# Are Christmas Cards a Waste?



## debodun (Dec 12, 2020)

My cousin says that Christmas cards are one of the biggest wastes of the holiday. You have to buy overpriced cards, then pay excessive postage for something that someone else is going to glance at for 3 milliseconds, then put in the recycle bin.


----------



## bowmore (Dec 12, 2020)

We gave up sending out cards some years ago. I agree that the cards have gotten expensive and with postage for something looks at, says ,"that's nice" and tosses.
I would rather give the money to a food bank.


----------



## Aunt Marg (Dec 12, 2020)

Christmas cards, along with other seasonal/holiday/occasion cards are indeed overpriced, expensive to mail, and are often discarded when all is said and done, but for many (myself included), being able to select a special card for someone just has a way of helping to brighten my day, and I know those who I exchange cards with, it helps brighten their day, too, and because I have a short and distinguished list as to who I buy cards for, I don't allow the expense to get in the way.


----------



## debodun (Dec 12, 2020)

I send cards as an email attachment to many prople I know. I have a huge collection of clip art I can use to design my own.


----------



## Lee (Dec 12, 2020)

No personal cards in my mailbox have showed up yet.....unless you count the ones from all the charities requesting money, I doubt many respond to those mailings and the charity spends loot mailing them out, money that could have been better spent.

I did send out a few cards to special people who I know send out themselves.


----------



## Gaer (Dec 12, 2020)

I always design my own Christmas cards but this is the first year I didn't send out any.


----------



## Aunt Marg (Dec 12, 2020)

Gaer said:


> I always design my own Christmas cards but this is the first year I didn't send out any.


What happened, Gaer, where you decided not to send any out this year?


----------



## Knight (Dec 12, 2020)

For us exchanging  cards with the only couple still alive is .
Kind of a test to see who will live the longest.


----------



## Gaer (Dec 12, 2020)

Aunt Marg said:


> What happened, Gaer, where you decided not to send any out this year?


Hahahaha!  I honestly don't know!  I'm involved in several art projects right now, writing magazine articles, poetry, children's books, and am studying literature, philosophy, physics and really involved in my bronze sculpting.  I might call some of my relatives at Christmas to let them know I'm still alive and kicking!  I'm kind of the weird duck of the family anyway! hahahahaha!


----------



## Aunt Marg (Dec 12, 2020)

Gaer said:


> Hahahaha!  I honestly don't know!  I'm involved in several art projects right now, writing magazine articles, poetry, children's books, and am studying literature, philosophy, physics and really involved in my bronze sculpting.  I might call some of my relatives at Christmas to let them know I'm still alive and kicking!  I'm kind of the weird duck of the family anyway! hahahahaha!

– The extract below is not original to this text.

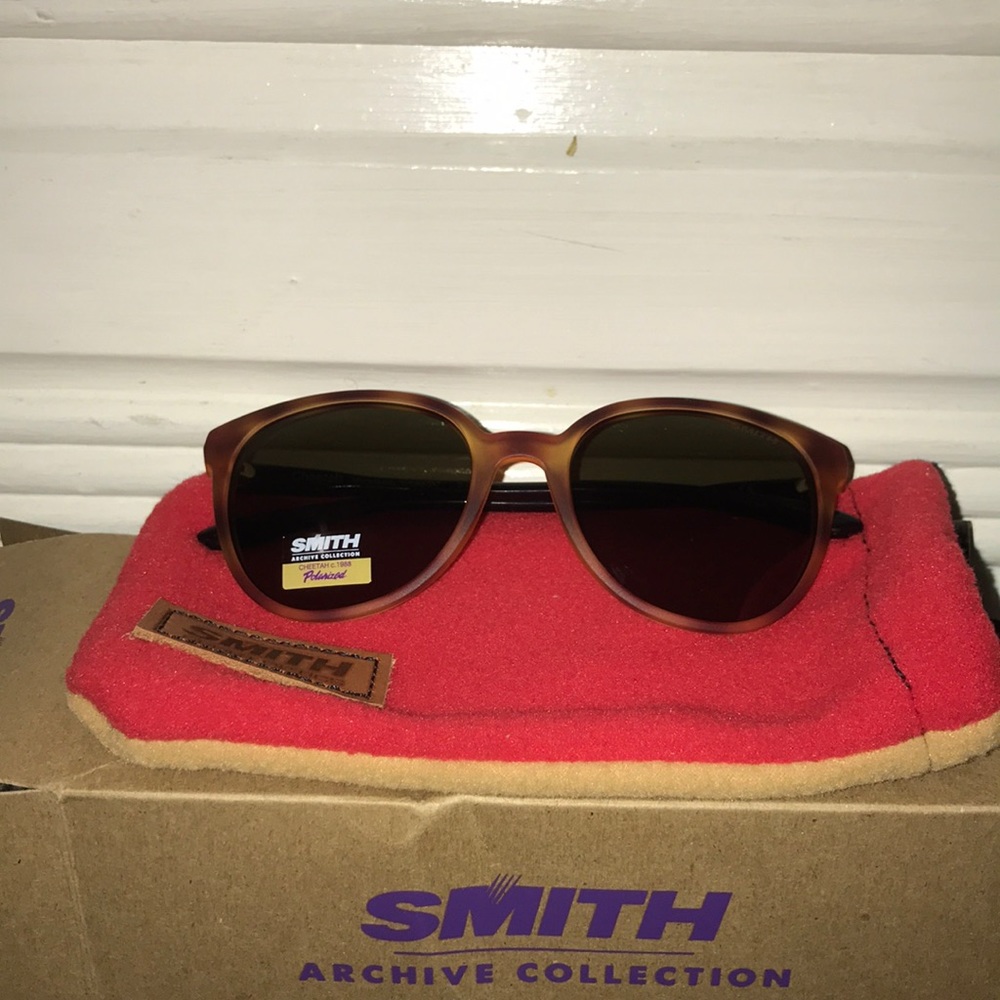 Smith cheetah sunglasses w/ chromapop polarized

Well, Gaer, you're staying occupied, and that's all that matters.

Kudos to you on all the projects you're working on!


----------



## Lee (Dec 12, 2020)

With cheap long distance nowadays it's cheaper to make a call than buying a card and postage.


----------



## Aunt Marg (Dec 12, 2020)

Lee said:


> *With cheap long distance nowadays it's cheaper to make a call* than buying a card and postage.


Indeed, it is, but there's something so warm about seeing a card in the mailbox addressed to you, then opening the envelope and holding the car in your hands and reading it. The words inside hand-written by someone and with meaning, and then setting that same card out for days, sometimes weeks to reflect upon again and again.


----------



## Gary O' (Dec 12, 2020)

Are Christmas Cards a Waste?​
I always thought they were
My lady would string 'em all up over the hearth
Years later, the incoming cards kinda dissipated, so she'd string up the old ones
(yeah, she kept 'em)
Now?
I made four cards, for my four long time buds
Kinda fun
My lady bought a few at the dollar store to tuck money into for the grands
(we have seventeen grands, so that adds up)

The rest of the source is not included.